Inferior colliculus; structure in the midbrain that relays auditory info from the inner ear to the brain’s auditory cortex, it processes sound waves into electrical signals that travel to the brain.
M gn (medial geniculate nucleus); the role is passing auditory info from the inferior colliculus to the auditory cortex.
A uditory cortex
Blind spot
The small circular area at the back of the retina where the optic nerve enters the eyeball and which lacks photoreceptors (rods and cones) and is not sensitive to light (no light-sensitive cells). This exists because the optic nerve exits the retina at a specific point, creating a small area where there are no light-sensitive cells, meaning that the spot cannot detect light and, therefore, cannot produce a visual image.
center-surround organization
center-surround receptive fields emphasize edges (differences in light levels). Ganglion cells maintain a center-surround organization. Cells in the LGN have concentric receptive fields with either an on-center, off-surround organization or an off-center, on-surround organization. The on-center, off-surround cell fires rapidly when the light encompasses the center region and is inhibited when the light is positioned over the surround.
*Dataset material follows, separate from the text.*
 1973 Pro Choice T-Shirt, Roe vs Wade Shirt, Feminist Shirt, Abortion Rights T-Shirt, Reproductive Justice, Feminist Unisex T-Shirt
A stimulus that spans both the center and the surround produces little change in activity.
Chemical senses
Gustation (taste) and smell (olfaction); these senses interpret the environment by dsicriminating between different chemicals. They both begin with a chemical stimulus. They both rely on detecting chemical molecules in the environment to send signals to the brain for interpretation as a sensory experience.
Color vision
Loss of color vision results in achromatopsia. Color vision is enabled by cone receptors. The ability to see and differentiate colors.
1. Light enters the eye and stimulates different types of cones
2. the cones send signals to the brain via the optic nerve
3. the brain processes the signals from the cones to perceive color.
Columnar organization of sensory cortex
the arrangement of neurons in the sensory areas of the brain into vertical columns, where each column contains a group of neurons with similar properties, like responding to the same type of sensory input from a specific area of the body. V1 has a columnar organization for ocular dominance and orientation tuning
Cone
Each cone connects to an individual output cell, press and provides high acuity. Cones enable color vision via 3 types that respond to different light frequencies. It has 10-100x less sensitive than rods and functions best in bright environments.
Cortical magnification
Certain sensory regions (eg. fovea or fingertips) are represented by disproportionately larger cortical areas, it enhances resolution and discrimination in highly sensitive regions, enabling more detailed perception and precise interpretation of stimuli. It describes how the brain allocates neurons to process visual and tactile info.